#### Goal of the exercise:
Copy out the records precisely, omitting pictures.

Caption-style text data
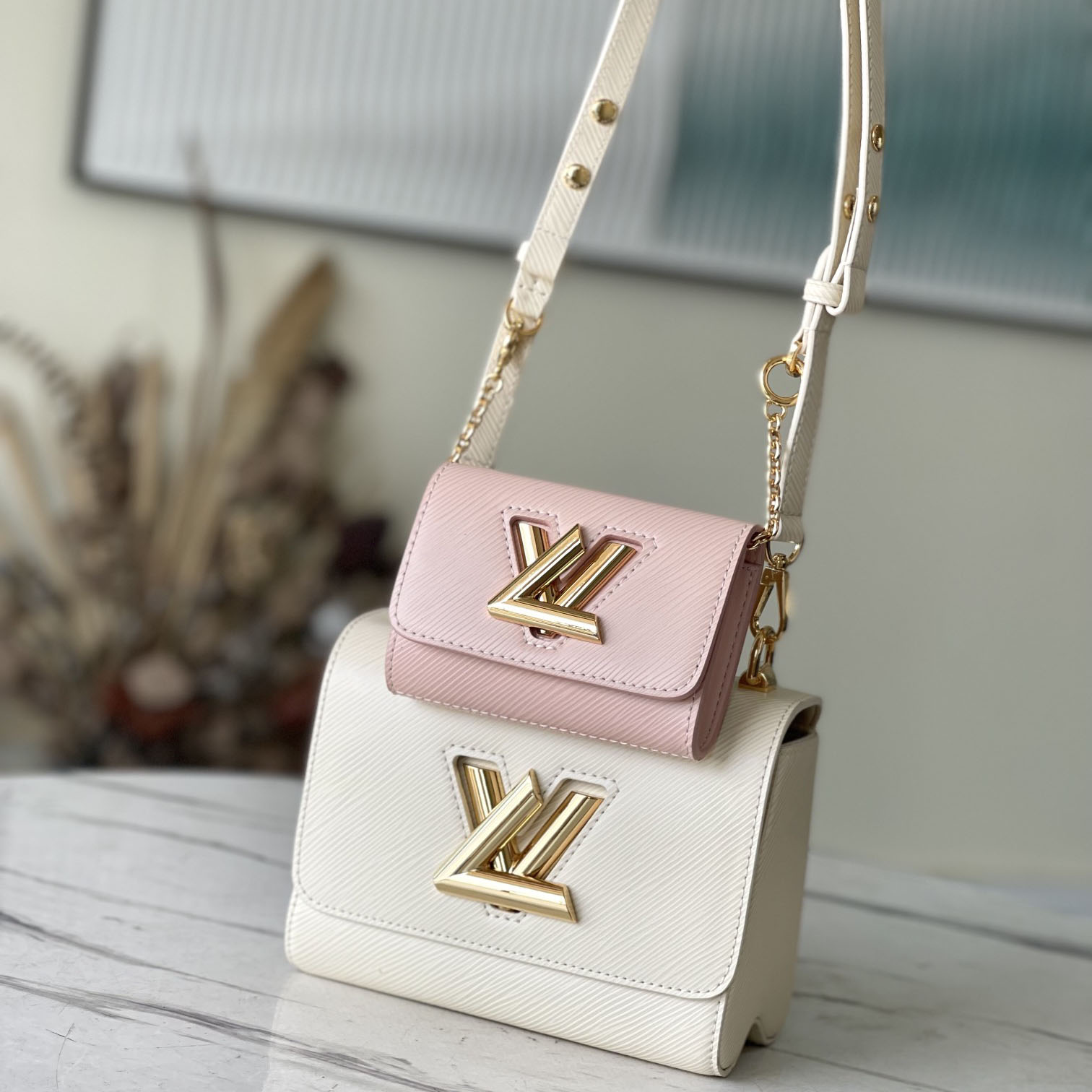 LOUIS VUITTON 루이비통 트위스트 PM M59886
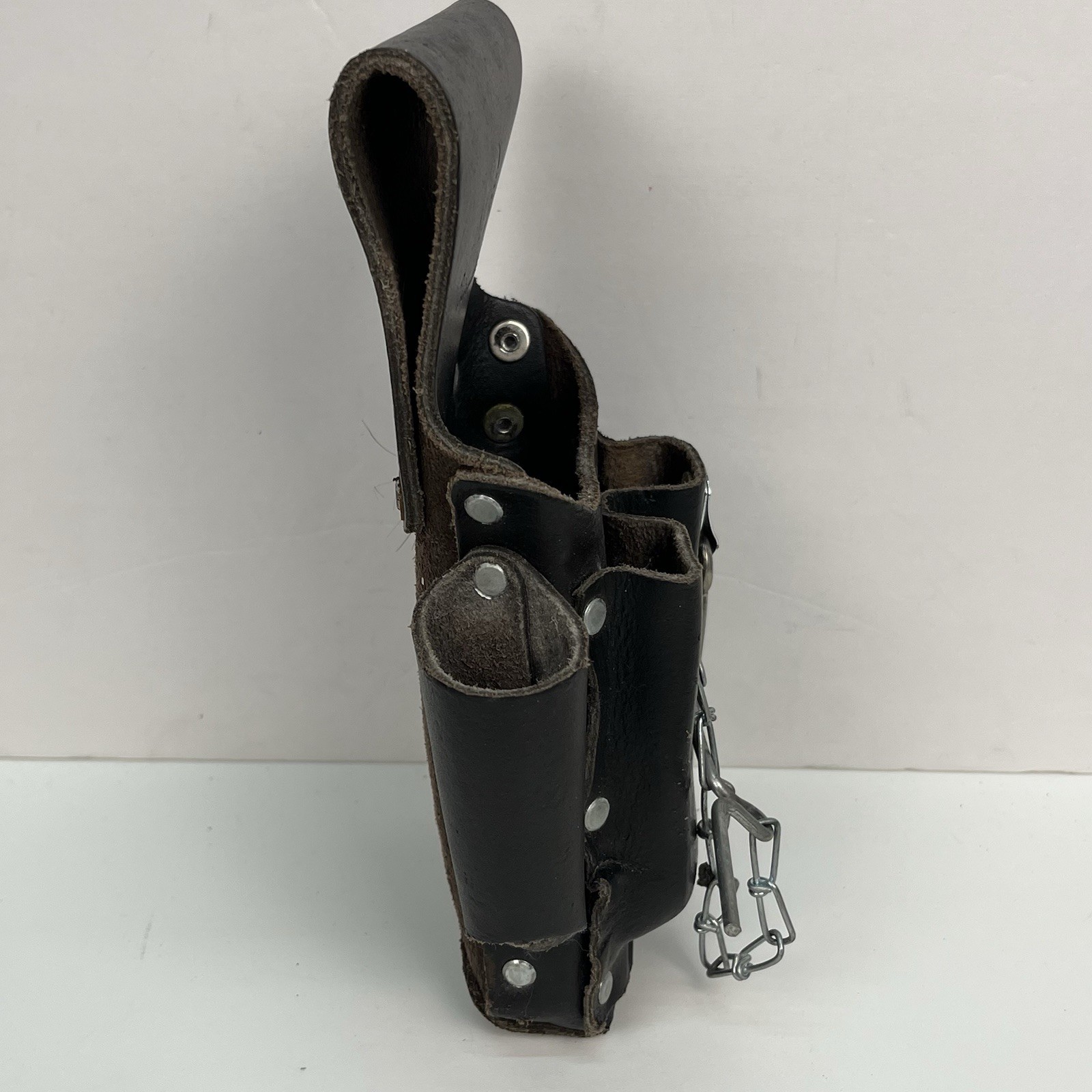 Southwire POUCH4 Leather Tool Pouch 5 Pocket Pouch + Electrical Tape Chain USED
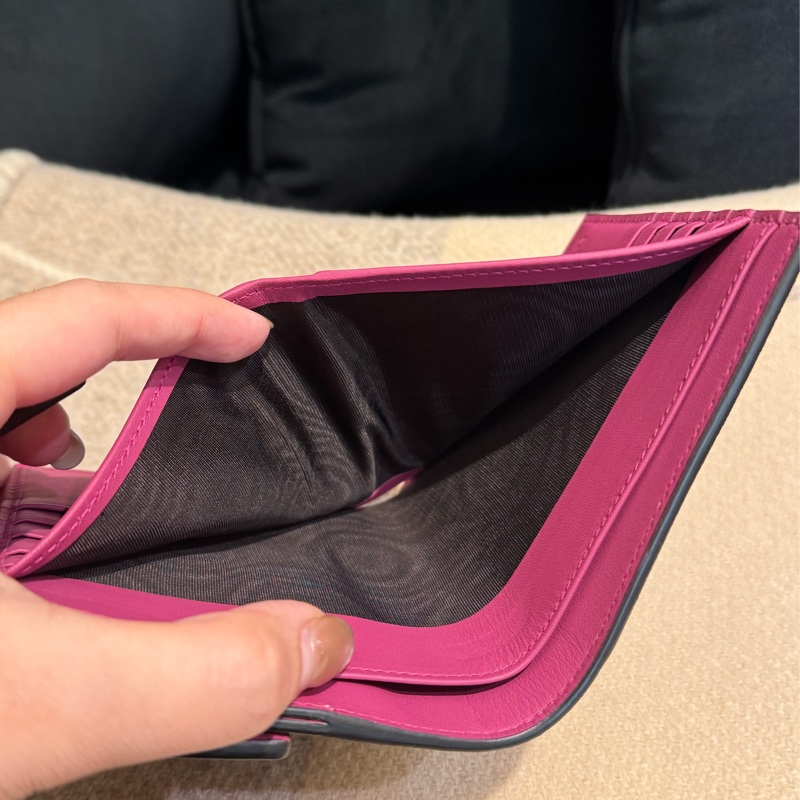 Gucci紅皮革/pvc雙面釦式短夾   超好看😻-26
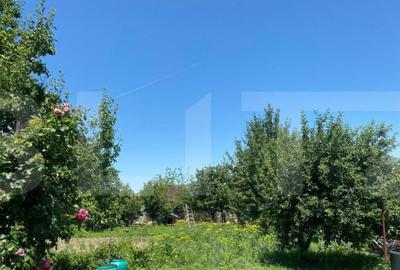 Casă cu 8 camere cu Teren 1800 Mp în Central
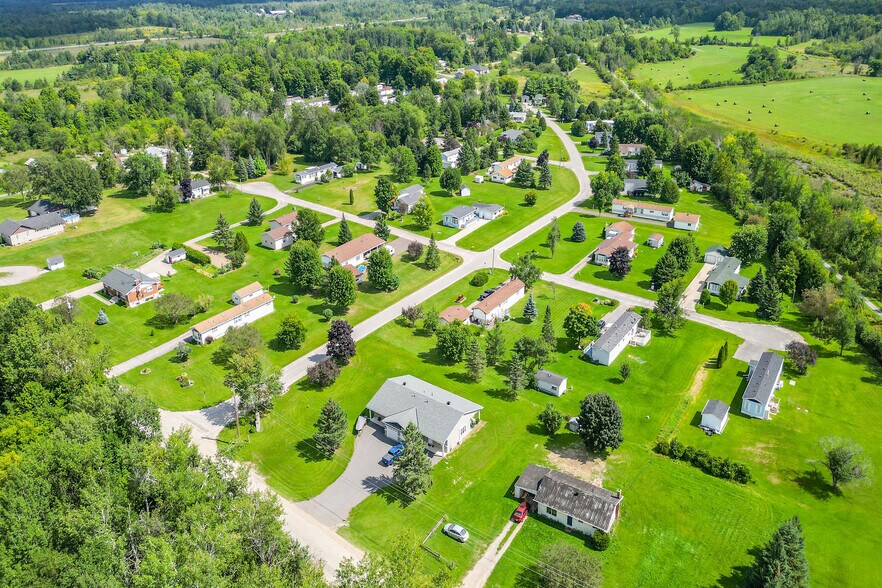 65 Pleasant View Dr, Horton, ON à vendre - Photo de l’immeuble – Image 3 sur 16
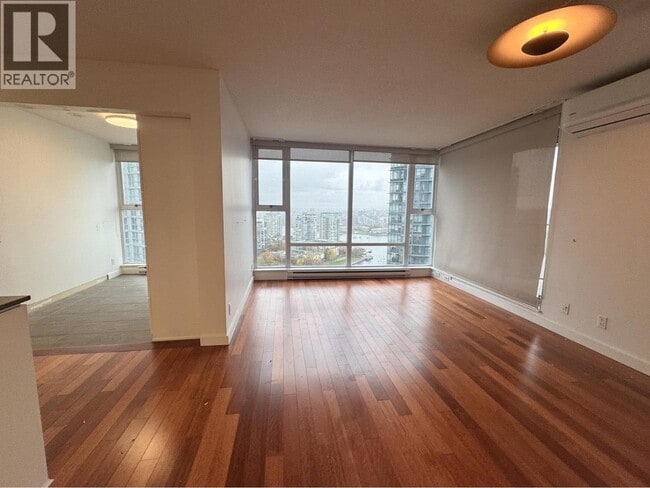 Building Photo - 455 Beach Crescent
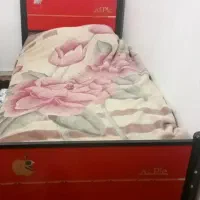 تخت و کمد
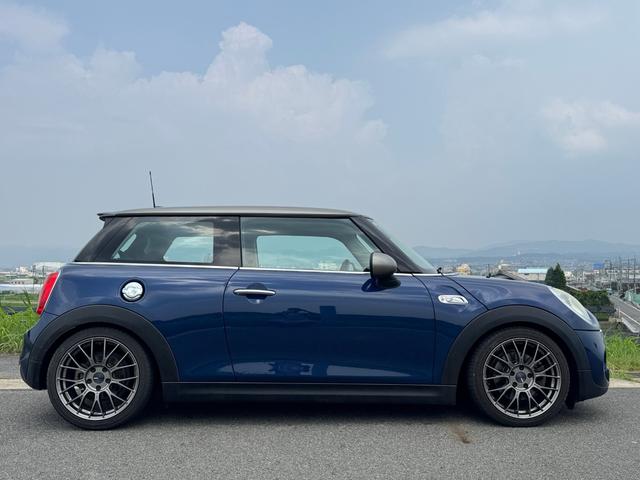ＭＩＮＩ クーパーＳ　３ドア　ＥＮＫＥＩ１７インチ　ヘッドアップディスプレイ（4枚目）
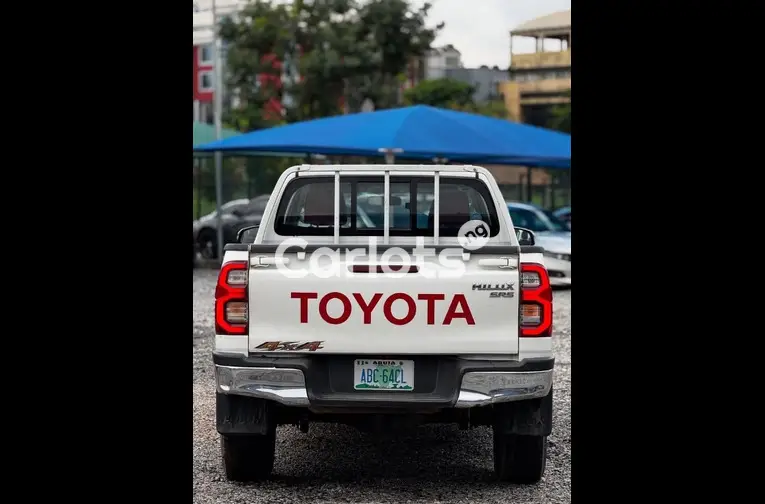 TOYOTA HILUX 2022 - 5/5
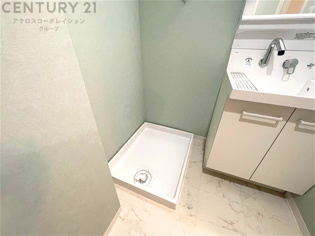 洗濯物の仕分け作業がしやすく、整理整頓が容易になります。洗濯音や湿気を他の部屋に持ち込まず、生活環境を快適に保ちます。上部を活用すれば収納スペースを確保でき洗剤や洗濯用品の整理もしやすくなります。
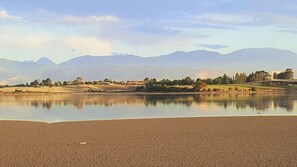 En la playa, camastros y toallas de playa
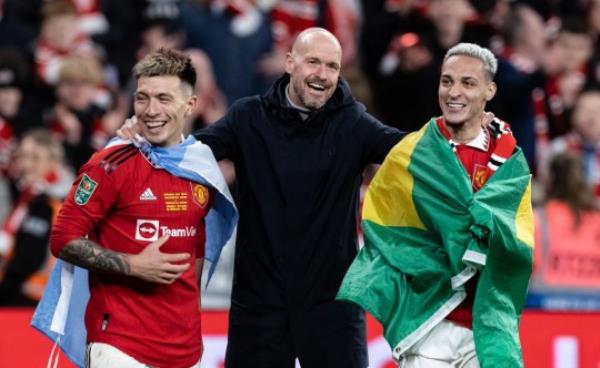 Manchester United boss Erik ten Hag with Lisandro Martinez and Antony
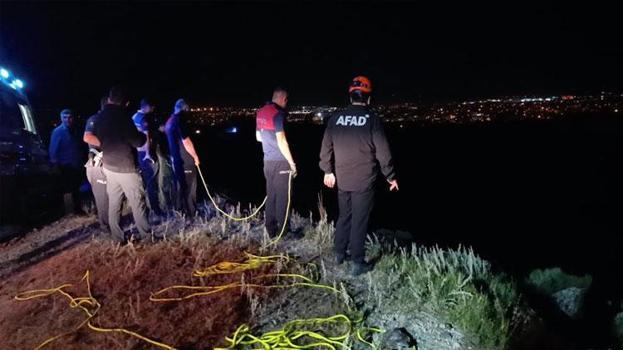 50 metre yüksekliğindeki kayalıklardan düşen şahıs hayatını kaybetti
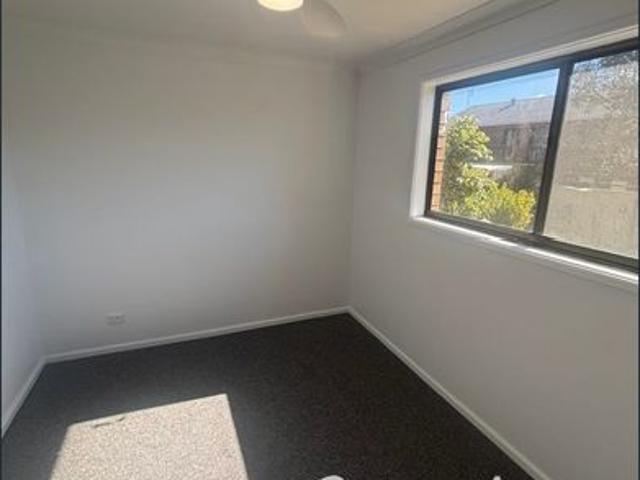 Charming 2 Bedroom Property – Utilities Included & Beachside Location More Photo's to come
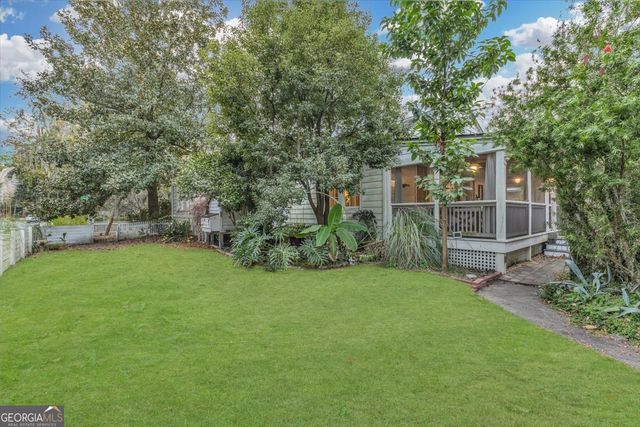 1530 E 51st Street, Savannah, GA 31404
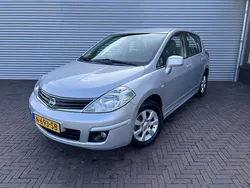 Grijs Gebruikt 2010 Nissan Tiida Sedan | € 3.250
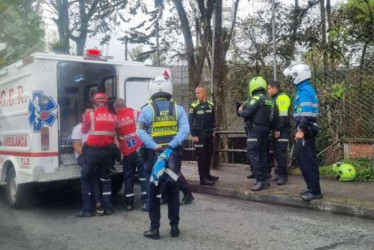 El conductor del vehículo involucrado en el incidente con los agentes de tránsito en Manizales también resultó lesionado.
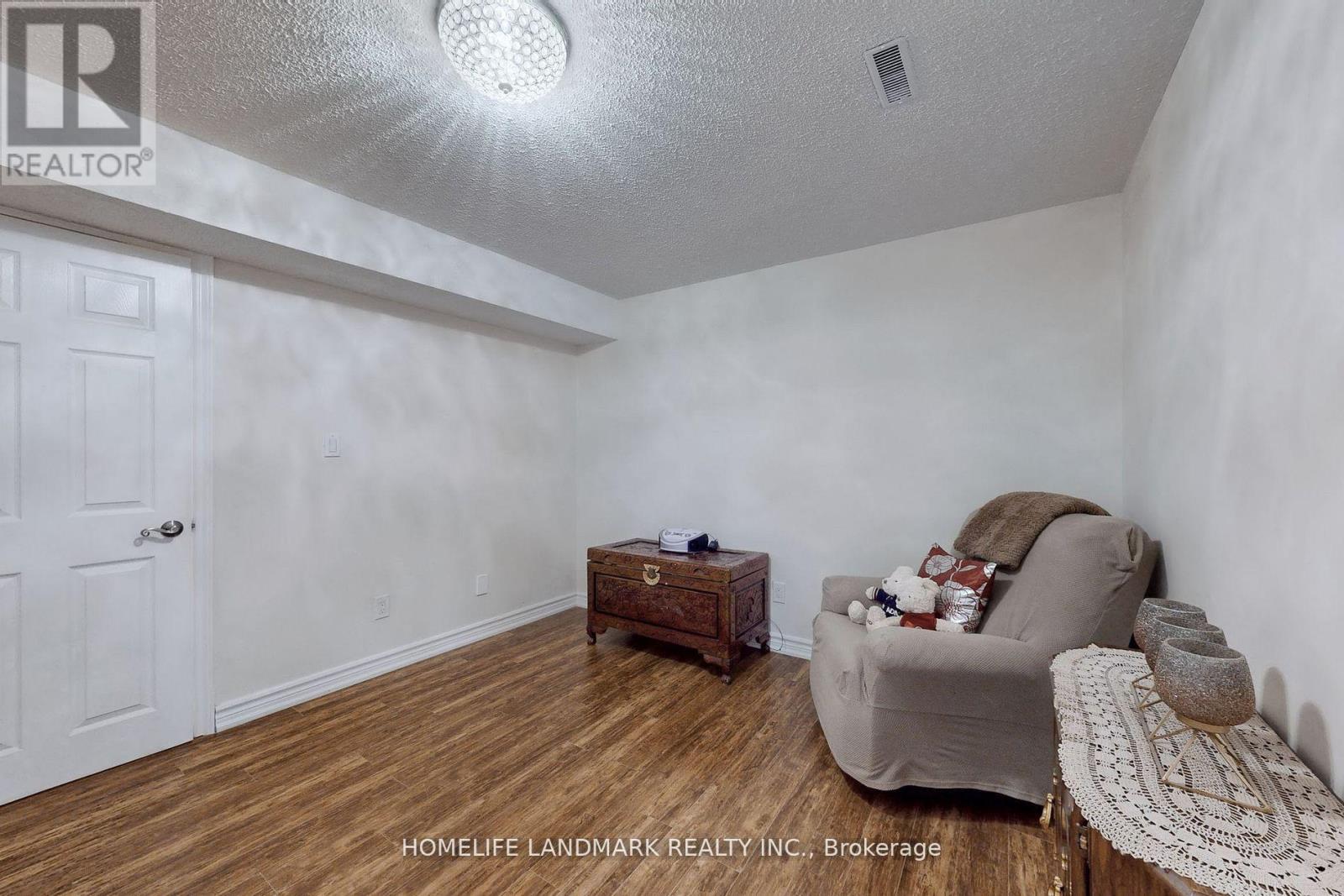 274 EDGEHILL DRIVE - 30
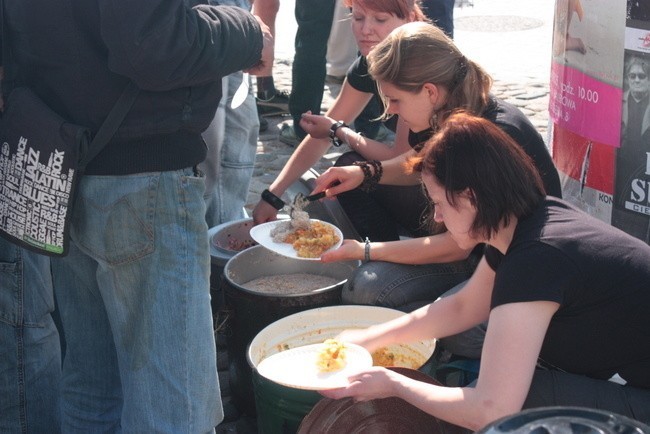 Poznań: Rozdawali jedzenie w proteście przeciw Euro 2012 [ZDJĘCIA]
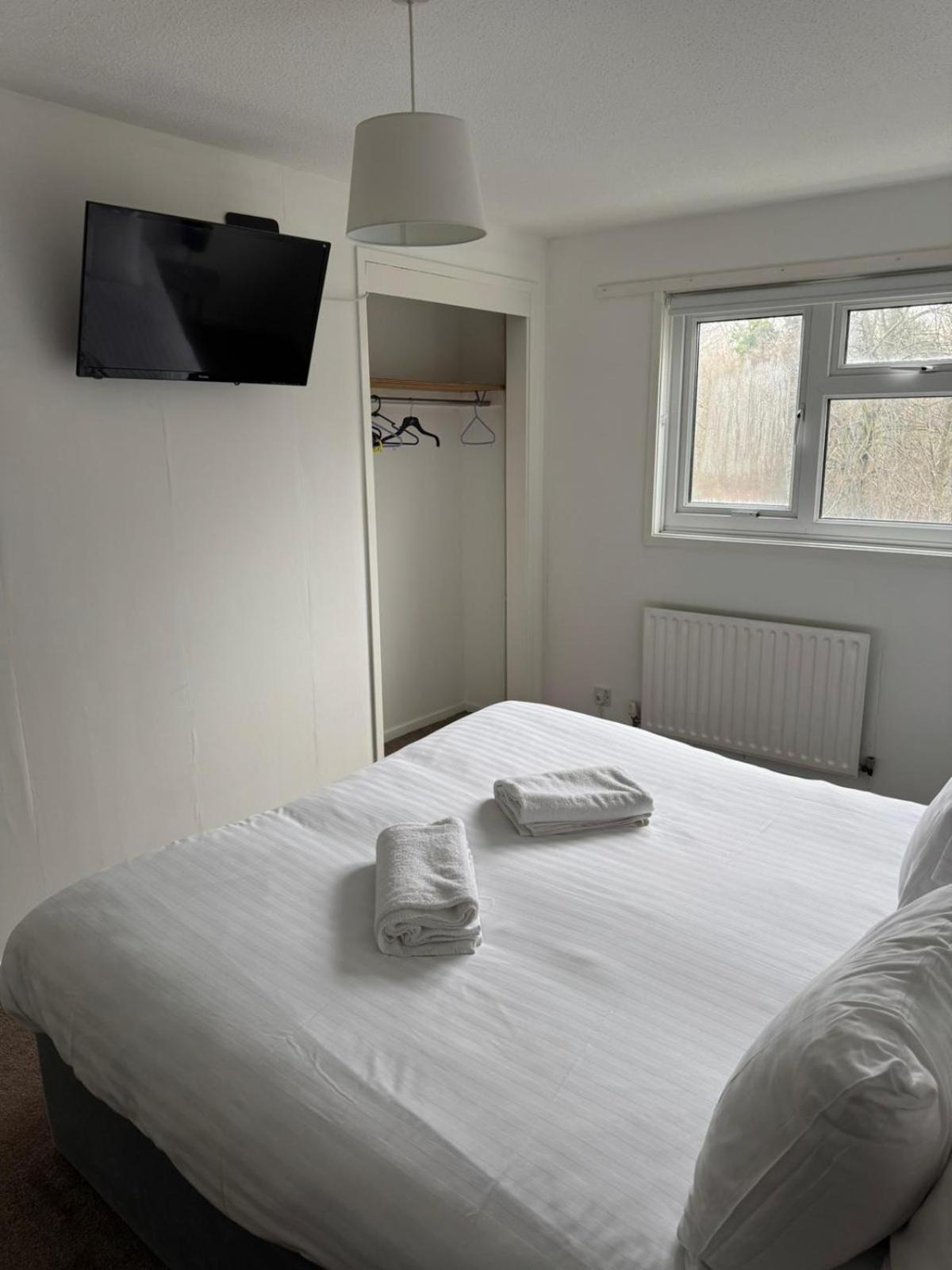 Large 2 Bedroom House Wombridge Zewnętrze zdjęcie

#### Exercise response:
 LOUIS VUITTON 루이비통 트위스트 PM M59886
 Southwire POUCH4 Leather Tool Pouch 5 Pocket Pouch + Electrical Tape Chain USED
 Gucci紅皮革/pvc雙面釦式短夾   超好看😻-26
 Casă cu 8 camere cu Teren 1800 Mp în Central
 65 Pleasant View Dr, Horton, ON à vendre - Photo de l’immeuble – Image 3 sur 16
 Building Photo - 455 Beach Crescent
 تخت و کمد
ＭＩＮＩ クーパーＳ　３ドア　ＥＮＫＥＩ１７インチ　ヘッドアップディスプレイ（4枚目）
 TOYOTA HILUX 2022 - 5/5
 洗濯物の仕分け作業がしやすく、整理整頓が容易になります。洗濯音や湿気を他の部屋に持ち込まず、生活環境を快適に保ちます。上部を活用すれば収納スペースを確保でき洗剤や洗濯用品の整理もしやすくなります。
 En la playa, camastros y toallas de playa
 Manchester United boss Erik ten Hag with Lisandro Martinez and Antony
 50 metre yüksekliğindeki kayalıklardan düşen şahıs hayatını kaybetti
 Charming 2 Bedroom Property – Utilities Included & Beachside Location More Photo's to come
 1530 E 51st Street, Savannah, GA 31404
 Grijs Gebruikt 2010 Nissan Tiida Sedan | € 3.250
 El conductor del vehículo involucrado en el incidente con los agentes de tránsito en Manizales también resultó lesionado.
 274 EDGEHILL DRIVE - 30
 Poznań: Rozdawali jedzenie w proteście przeciw Euro 2012 [ZDJĘCIA]
 Large 2 Bedroom House Wombridge Zewnętrze zdjęcie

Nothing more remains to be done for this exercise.